Removing his nine intentional walks -- and really, the managers who saw fit to walk Barmes should be sent back to Remedial Managing 101 -- Barmes has a career road line of .230/.272/.361. And at 33 years old in 2012, he's much more likely to get worse on offense and defense than he is to get better. I wouldn't want to give him a spot on the 40-man roster, let alone guarantee him over $10 million for two seasons of outs. The Pirates declined a one-year, $3 million option on Ronny Cedeno; even if they think Barmes will be better in 2012 than Cedeno (I disagree), they would have been better off with the shorter, less expensive commitment.

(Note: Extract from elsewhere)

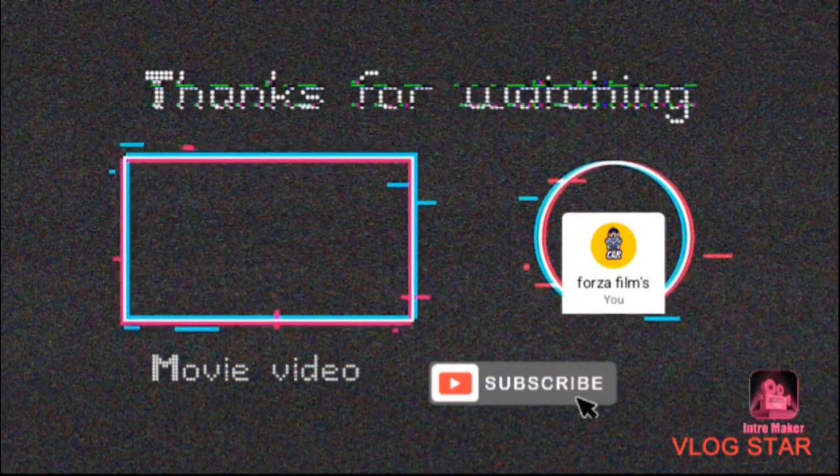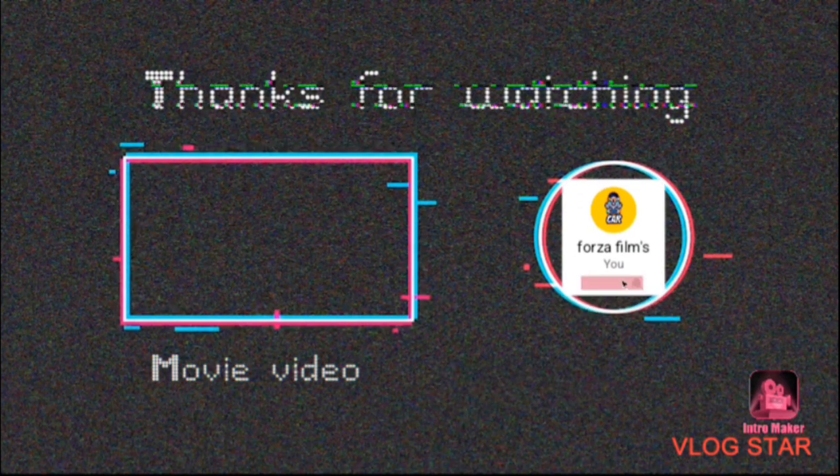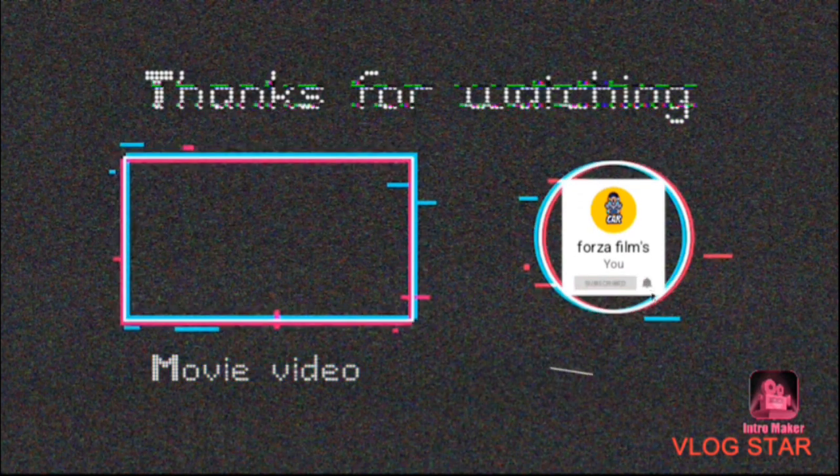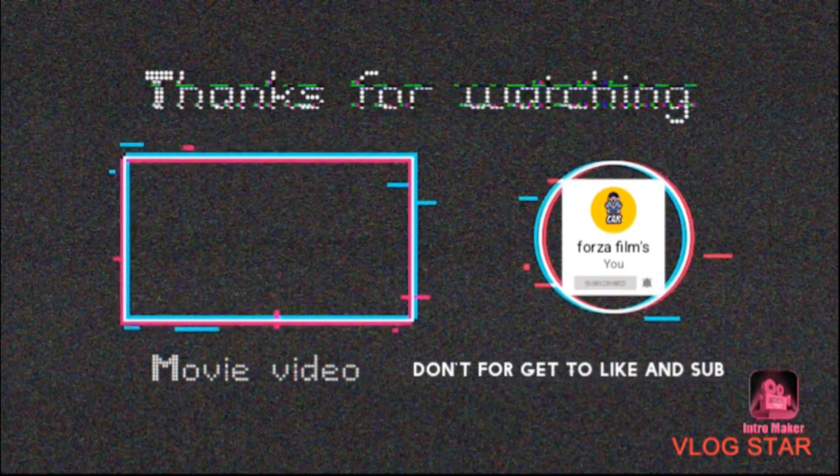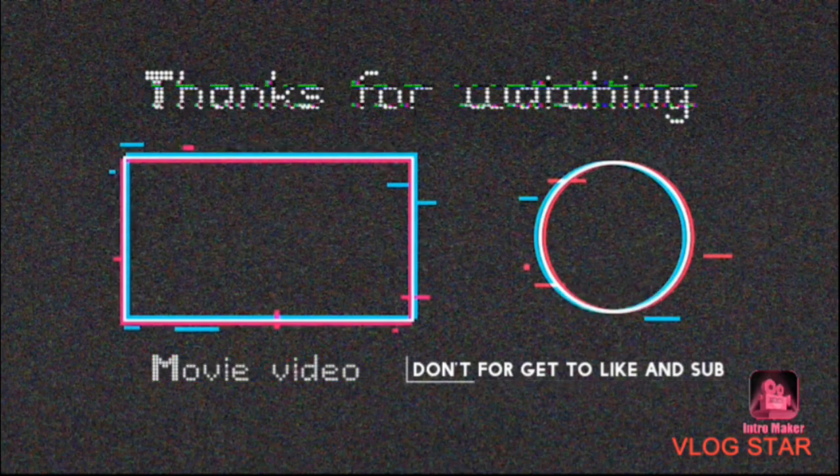Don't forget to like, comment, and share. See you later.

The Minnesota Twins signed Ryan Doumit to a one-year, $3 million deal over the weekend, and that represents great value for the money. Doumit, who was No. 29 in my free-agent rankings, has shown that he can hit when he's healthy, and the Twins are so sufficiently starved for offense that he's a great addition if they can keep him on the field. But there's a significant unanswered question about where he'll play; if they believe he's a backup or time-sharing partner for Joe Mauer, I'm afraid they won't get the value they're expecting.

Doumit has posted a .280/.337/.454 composite line over the last five years, although he's not as selective as he would need to be to profile as more than an average regular at any position he can conceivably play. He's a switch-hitter who's stronger from the left side but capable enough either way that he doesn't need a platoon partner; his only real weakness is against pitchers who can change speeds effectively.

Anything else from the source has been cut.